Engaging and Empowering Consumers
In most sectors of the economy, competition drives efforts to enhance quality and tends to keep prices low. But health care does not behave like a normal market.
For example, because health insurance shields many consumers from the financial consequences of their health care choices, they may defer purchasing decisions to their providers. Moreover, Americans with the most serious health problems are often too ill or overwhelmed by the complexity of our delivery system to shop around for a better deal. Finally, those who are uninsured or underinsured are often charged higher prices because they do not have an insurance plan to bargain on their behalf.
To level the playing field, two things must happen:
- Patients need to have a financial interest in their decisions—“skin in the game”—to be motivated to think like consumers. The RAND Health Insurance Experiment demonstrated that more health care is used when it is free, whether it benefits the patient or not. Cost-sharing reduced use, but patients tended to reduce use of appropriate care as well as inappropriate services. For that reason, the size and structure of co-payments must be carefully designed to encourage prudent choices.
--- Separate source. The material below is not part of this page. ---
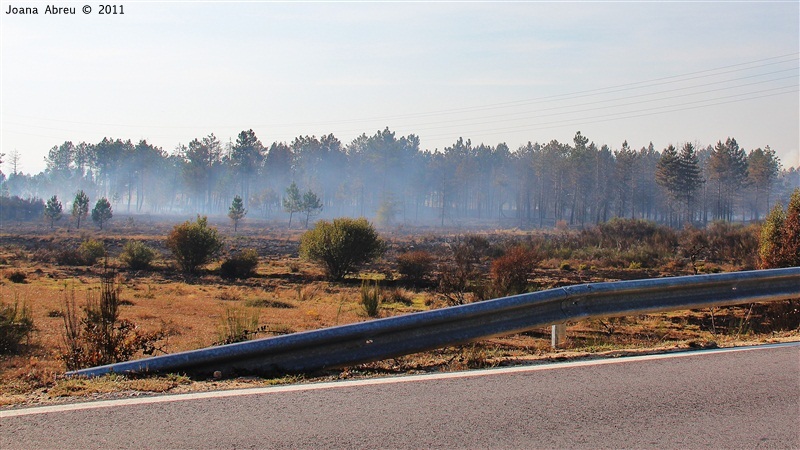 Incêndios - flagelo social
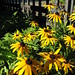 Susan Weston Photo 25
- To effectively function in a marketplace, consumers need to be informed. Today, many consumers cannot easily access the information they need to make important decisions about health care, such as picking a provider. Public cost and quality reports are intended to meet this need. However, in order to have the desired effect, the information they convey must be valid, easy to read, and presented in a way that is meaningful to consumers. (view example)
Promoting Population Health
In 2000, a committee of the Institute of Medicine noted that the majority of premature deaths in the U.S. were due to behavioral or environmental causes. Initiatives to develop and implement effective interventions to reduce risk behaviors could improve the nation's health and possibly help lower health care costs.
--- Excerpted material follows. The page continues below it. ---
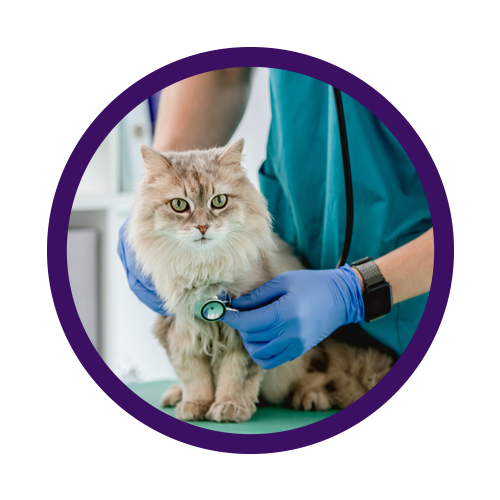 Diete veterinarie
RAND Health has focused on two of the most important causes of preventable death and chronic diseases in America: obesity and smoking. Researchers have studied how peers, coworkers, and environmental cues influence individual decisions to consume too many calories, take up smoking, and make other choices that increase risk of developing a costly chronic disease.
In many instances, these cues can be modified in subtle ways to discourage youth from starting to smoke and to encourage the general population to make healthier choices about diet and exercise. In particular, communities and workplaces can be valuable arenas for promoting health.
Facilitating High-Value Innovation
Existing economic, regulatory, and legal incentives are aligned such that the American health care system rapidly adopts expensive technologies irrespective of cost. In fact, developers have little reason to create health care technologies for the U.S. market that offer the prospect of providing effective care at substantially lower cost.
Potential steps that could realign existing incentives include:
- identifying changes to policy that could facilitate high-value innovation
- enhancing the efficiency of federally sponsored research
- more effectively harnessing the potential of health information technology
- using states' experiences to assess innovative health policies.